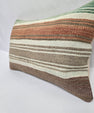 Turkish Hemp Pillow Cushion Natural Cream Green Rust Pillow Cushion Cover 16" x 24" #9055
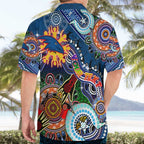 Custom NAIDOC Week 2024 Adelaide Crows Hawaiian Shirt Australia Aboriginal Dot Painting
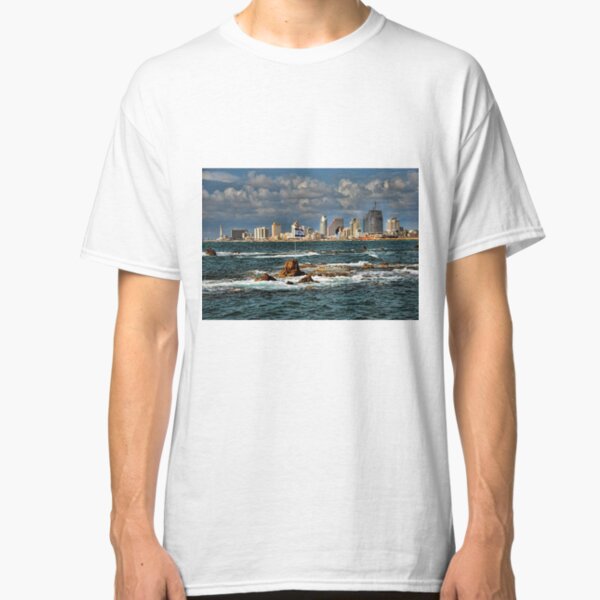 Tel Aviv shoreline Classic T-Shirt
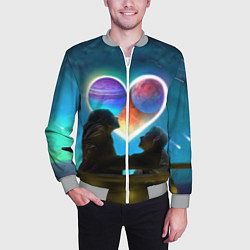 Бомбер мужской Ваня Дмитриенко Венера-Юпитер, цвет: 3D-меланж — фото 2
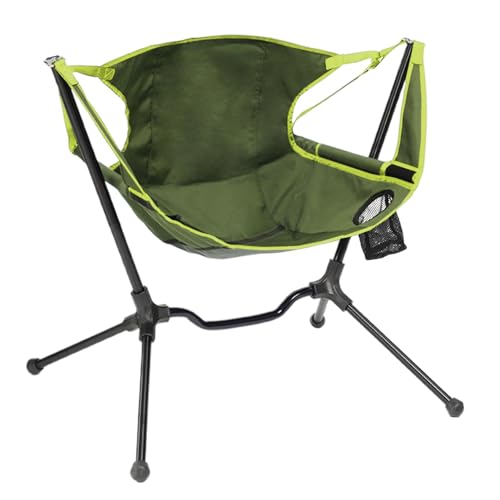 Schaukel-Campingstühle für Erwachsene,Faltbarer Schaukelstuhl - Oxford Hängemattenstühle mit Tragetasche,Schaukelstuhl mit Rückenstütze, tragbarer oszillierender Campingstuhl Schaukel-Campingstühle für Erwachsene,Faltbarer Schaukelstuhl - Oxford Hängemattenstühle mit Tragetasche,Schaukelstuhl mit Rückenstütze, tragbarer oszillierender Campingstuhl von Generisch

=-=-=-=-=

Only the pictures are to be left out; print everything else in the listing exactly.

→ ANSWER SPACE:
 Turkish Hemp Pillow Cushion Natural Cream Green Rust Pillow Cushion Cover 16" x 24" #9055
 Custom NAIDOC Week 2024 Adelaide Crows Hawaiian Shirt Australia Aboriginal Dot Painting
 Tel Aviv shoreline Classic T-Shirt
 Бомбер мужской Ваня Дмитриенко Венера-Юпитер, цвет: 3D-меланж — фото 2
 Schaukel-Campingstühle für Erwachsene,Faltbarer Schaukelstuhl - Oxford Hängemattenstühle mit Tragetasche,Schaukelstuhl mit Rückenstütze, tragbarer oszillierender Campingstuhl Schaukel-Campingstühle für Erwachsene,Faltbarer Schaukelstuhl - Oxford Hängemattenstühle mit Tragetasche,Schaukelstuhl mit Rückenstütze, tragbarer oszillierender Campingstuhl von Generisch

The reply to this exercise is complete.